The suction nozzle 53 is electrically connected to the controller 100, and the controller 100 controls the suction nozzle 53 to suck or release a workpiece. As shown in fig. 9, the suction nozzle 53 includes a second mounting portion 532 disposed on the second adapter plate 52, and a second stopper 533, a fourth elastic member 534 and a suction nozzle 535 connected in sequence from top to bottom; the second mounting part 532 is of a hollow structure, and the upper end and the lower end of the second mounting part are provided with openings; the second stopper 533 and the fourth elastic member 534 are both located in the second mounting portion 532, when the fourth elastic member 534 is in a natural state, one end of the suction nozzle 535 is located in the second mounting portion 532 and connected to the fourth elastic member 534, and the other end is located outside the second mounting portion 532, so as to suck or release the workpiece. The fourth elastic member 534 provides a buffer effect for the suction nozzle 535, so as to prevent the suction nozzle 535 from lowering too much when sucking a workpiece, and being damaged due to mutual extrusion with the workpiece. When the gap 9 corresponds to the outlet 220, the suction nozzle 535 is located corresponding to the outlet 220. The first elastic member 82, the second elastic member 13, the third elastic member 142 and the fourth elastic member 534 are all springs.

The second actuator 42 is provided with a vacuum generator 531 (shown in fig. 1), and the vacuum generator 531 is connected to the controller 100 and the suction nozzle 535, respectively.

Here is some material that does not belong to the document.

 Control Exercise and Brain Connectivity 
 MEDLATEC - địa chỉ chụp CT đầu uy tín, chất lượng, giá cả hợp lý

In summary, the invention provides a stacking device, which comprises a rack, wherein a feeding mechanism, a material containing block and a driving mechanism are arranged on the rack, the feeding mechanism and the material containing block are arranged in parallel, and a stacking bin channel extending along the vertical direction is arranged on the material containing block; the driving mechanism is provided with a material moving mechanism, and the driving mechanism drives the material moving mechanism to move so as to transfer the workpiece from the feeding mechanism to the material stacking bin channel. After large batches of workpieces are poured into the feeding mechanism, feeding is carried out by the feeding mechanism; the driving mechanism drives the material moving mechanism to move, so that workpieces are moved from the feeding mechanism to the material stacking bin channel, and the workpieces are stacked and arranged in the material stacking bin channel from bottom to top; the whole transferring and stacking process of the workpieces does not need manual participation, and the yield and the production efficiency are improved.

It is to be understood that the invention is not limited to the examples described above, but that modifications and variations may be effected thereto by those of ordinary skill in the art in light of the foregoing description, and that all such modifications and variations are intended to be within the scope of the invention as defined by the appended claims.